Celsius Holdings, now valued at $10.33 billion in market cap, recently completed a significant acquisition of Alani Nu for $1 billion, finalized on April 1. The energy drink brand had reported an 88% year-over-year increase in sales for the 13-week period ending March 30. This acquisition is part of Celsius’s broader strategy to enhance its market presence, supported by its strong liquidity position with a current ratio of 3.38.
Since the announcement of the acquisition on February 20, Celsius Holdings shares have rebounded by 49.2% as of the close on June 2, compared to a 2.6% rise in the Consumer Staples Select Sector SPDR Fund (NYSEARCA: XLP). Despite this recovery, the stock remains below its highs from the previous year.
Truist Securities analysts are monitoring consumer trends for both Alani Nu and Celsius’s core brand. They are looking for indications of sustained growth and market share progression as Alani Nu becomes integrated into Celsius Holdings.
In other recent news, Celsius Holdings has been the focus of various analyst updates and strategic moves. The company reported first-quarter earnings that fell short of market expectations, with both revenue and earnings not meeting the financial services consensus. Despite this, analysts from Piper Sandler and Jefferies have raised their price targets for Celsius Holdings to $45, maintaining positive ratings due to strong retail sales growth from the Alani Nu brand and anticipated synergies from its acquisition. Piper Sandler raised their earnings per share estimates for 2025 and 2026, reflecting confidence in the company’s growth trajectory. Jefferies noted that the integration of Alani Nu is expected to contribute significantly to the company’s revenue, with synergies projected around $50 million.

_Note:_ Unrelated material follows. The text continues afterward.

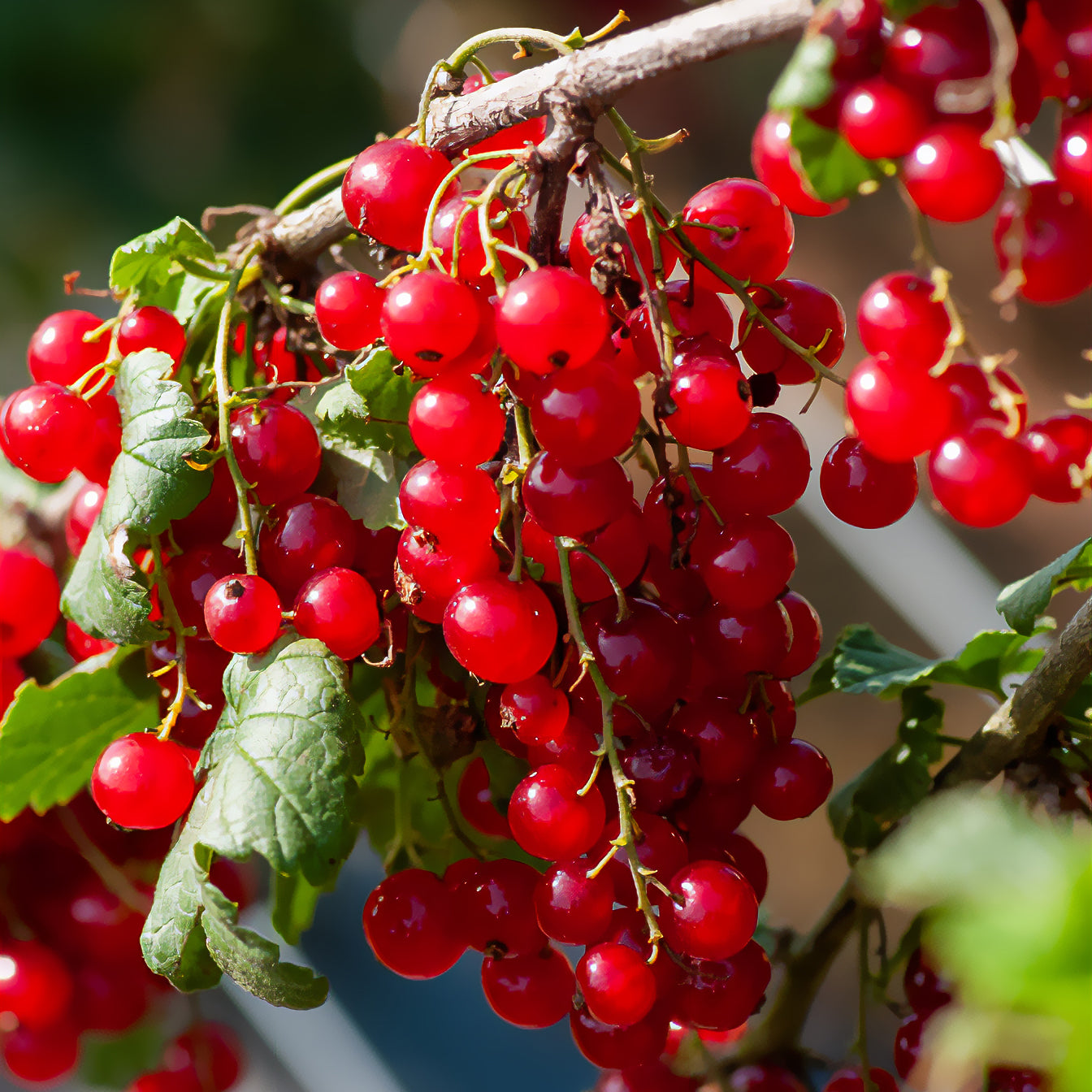 Ribes rubrum Junifer - Groseillier Junifer - Groseillier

Meanwhile, TD Cowen has maintained a Hold rating with a price target of $37, expressing a neutral outlook on the stock. They acknowledged the unpredictability in sales growth trends due to Alani Nu’s limited-time-offer approach but noted expected synergies from the acquisition. Additionally, Celsius Holdings announced the approval of new stock plans and an increase in authorized shares, as part of its strategy to incentivize and retain talent. These developments come amid ongoing efforts to integrate Alani Nu and enhance the company’s market position. Investors and analysts are keenly observing the unfolding of these strategic initiatives and their impact on Celsius Holdings’ financial performance.